2011年の新春を迎え、謹んで新年のご挨拶を申し上げます。
世界金融危機に続く世界同時不況の中からようやく抜け出して、景気回復への兆しを見せ始めた日本経済ですが、米国の景気減速から円高・ドル安に歯止めがかからず、デフレのさらなる長期化が懸念される一方、依然として続く雇用の悪化や内需の低迷など、国民の景気減速への警戒感は一段と高まっています。本年は、現政権が経済の再生と活発化に向けて策定した新成長戦略に対するきめ細かな取り組みを通して、持続的な安定した成長を実現してゆくことが期待されています。
こうした厳しい懸念要因を抱える中で、今、加速する技術革新や経済のボーダレス化に伴う競争の激化、さらに新興国の発展など、企業を取り巻く環境は急速な変化を続けています。
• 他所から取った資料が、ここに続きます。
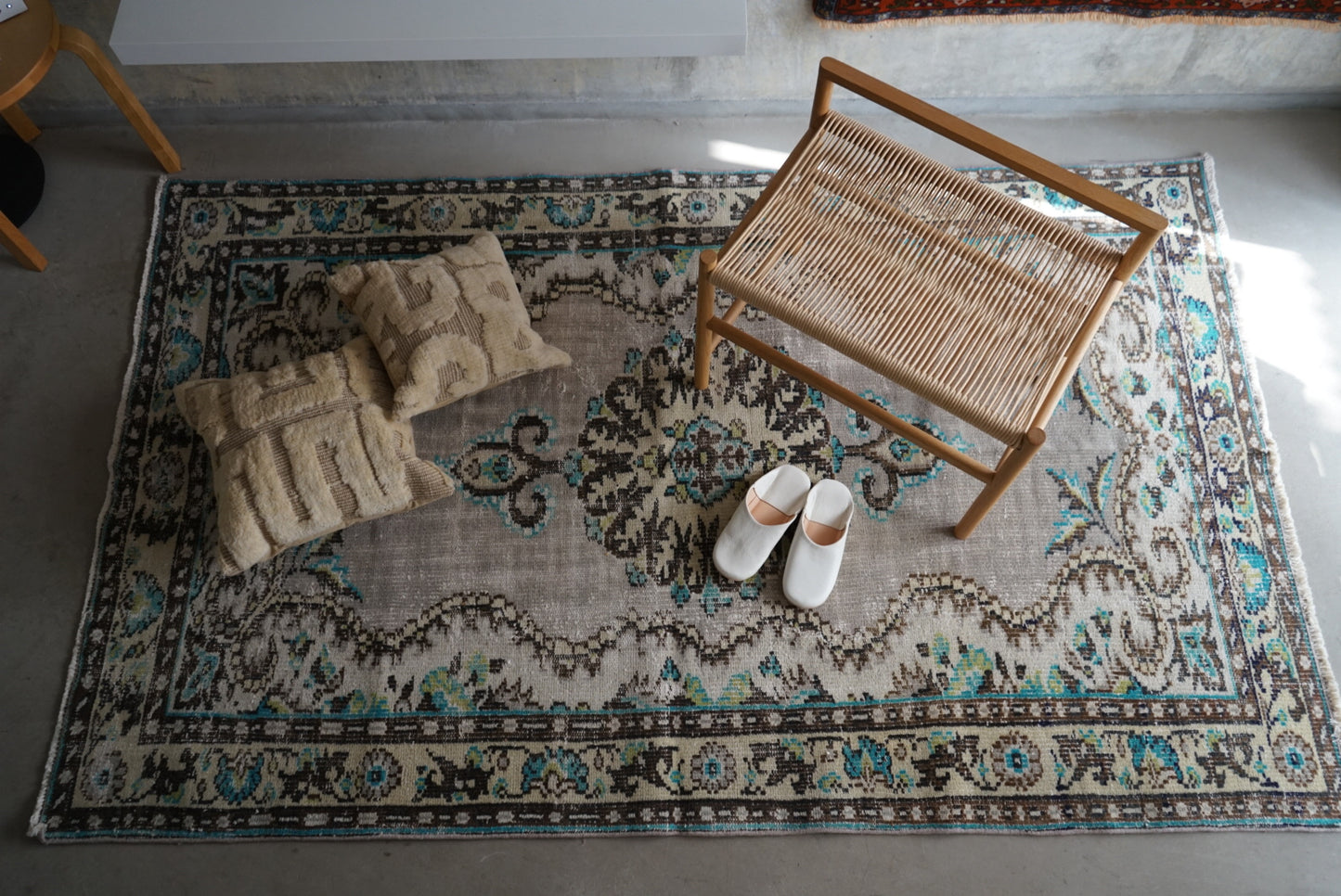 TURKEY OLD ISPARTA GREY 1970年代 223 × 136 cm No.TR25146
包装分野においても地球環境を維持し、持続可能な社会を実現してゆくため、従来の枠組みを超えた連携やコンプライアンスの確保、さらに低炭素社会を支える各種技術の開発など、これからの新しい社会に向けた産業の構築が緊急の課題であるかと存じます。
協会はこうした情勢のもとに、昨秋、第23回東京国際包装展(東京パック2010)を開催しました。環境問題をはじめ、変化する社会に包装はどのように対応していくべきかを世界中が模索している折、内外から17万人を超える来場者を得て、盛況かつ成功裡に開催することができました。このイベントを通して、持続可能な循環型社会に貢献できる包装を実現してゆくことは、世界中の包装関係者の共通の課題であることがあらためて認識され、これからの包装を考える上での大きな指針となったことと思います。この成功が包装産業のさらなる活性化に貢献することを願ってやみません。
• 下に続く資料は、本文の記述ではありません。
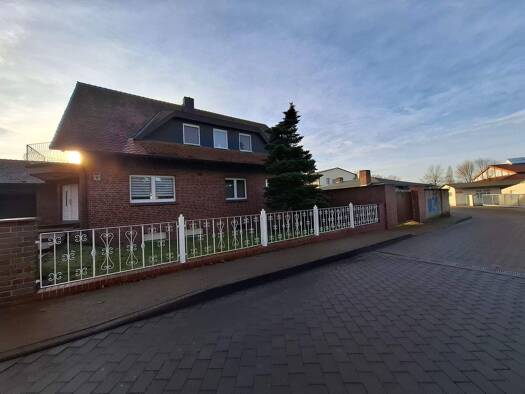 Einfamilienhaus zum Kauf 385.000 € 5 Zimmer 250 m² 750 m² Grundstück frei ab sofort Seehausen 39615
景気の先行きに対する見通しに不透明感が増す中、包装を取り巻く環境もますます厳しくなってゆくものと思われます。協会では、このような時こそ、協会の基本事業であります包装適正化の推進や次代を担う包装人材の育成事業などのさらなる充実と、社会のニーズに応える包装の開発や改善に向けた取り組み強化への啓発など、公益事業の推進と強化を通して包装産業の活性化と豊かな社会の構築を目指して邁進していきたいと存じます。
本年もまた、会員の皆様方をはじめ、関係各位のますますのご支援とご鞭撻を賜わりますようお願い申し上げます。